The two most interesting aspects of the attacking tactics used by Mancini are the attempted re-development of two footballing traditions that are, seen to be, dying off. The first of these is the usage of a trequartista.
(For the sake of clarification I’m going to be running on the assumption of David Silva playing as a ‘right winger’ and Carlos Tevez as a ‘centre forward’)
David Silva’s role within this front 4 is to drift in field and to create opportunities for his other attacking team-mates. His drifting in from the right helps to defeat the age-old problems of the trequartista, namely that he gets marked out of games and thus the teams creative force is shut down. Of course, within Mancini’s universality Silva isn’t the only player who fulfils this role. Carlos Tevez regularly drops into the space in front of the centre backs and helps to create chances for his team-mates, which affords David Silva the opportunity to put himself forward into more advanced and dangerous areas.
One of Manchester City’s main drawbacks so far this season has been that in many instances Yaya Toure has wound up in a enganche-esque position and, although he is a talented player, he is not a natural born creator and causes attacks to stagnate when he finds himself in this position.
One of the pivotal natures of the trequartista is for him to be in that space and for him to have other players to create for, so when Yaya Toure gets the ball in this position Tevez and Silva’s natural inclinations are to get forward, leading to these situations where a player who isn’t naturally creative is left in charge. And even if Silva or Tevez did drop deep to collect the ball, they find themselves dropping into a part of the pitch which is stifled by defending players who will be drawn to Yaya Toure.
A lot of credence has been paid to Adam Johnson’s recent omissions from sides in favour of David Silva, but the fact he doesn’t contribute as much creativity as Silva means he will probably be restricted to an impact sub role under Mancini. He is too one-dimensional to function within such a fluid sytem that has the directive of being inter-changeable, and Johnson’s Robben-lite abilities may prove to be his un-doing in the long term.

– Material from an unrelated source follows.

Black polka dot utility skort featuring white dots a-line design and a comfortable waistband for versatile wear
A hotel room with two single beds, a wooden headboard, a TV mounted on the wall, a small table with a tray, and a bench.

The other role that is being reincarnated in this system is that of a box-to-box midfielder with Yaya Toure taking on a great deal of attacking intent as well as defensive workload. Even though Toure doesn’t necessarily get into the box as much as a typical box-to-box midfielder he is a vital prong of the Manchester City attack. His physicality combined with a fairly deft touch for such a big man provides Manchester City something they do lack when going forward, and that is presence, especially when – for instance – Tevez, Silva and Johnson line up for them. An increased onus may be placed on Toure as time wears on to push forward into the box. He certainly has the athletic ability to do so and provide a big problem for defences if he arrives at the right time. It certainly seems to be an answer as he doesn’t have the right characteristics to play in the enganche position he regularly seems to find himself in at the moment.
One of Roberto Mancini’s biggest problems over the course of the season is going to be justifying his methods if City falter. With playing a formation that can be essentially seen as playing one or no striker at all he is going to be wide open to flak from the media and fans alike if the goals dry up, especially if he does continue to sideline Adam Johnson for his direct nature, which seems to have made him the new darling of the English game. That said, one can only imagine that they will become a much more potent entity once you put Mario Balotelli and Aleksander Kolarov into the mix.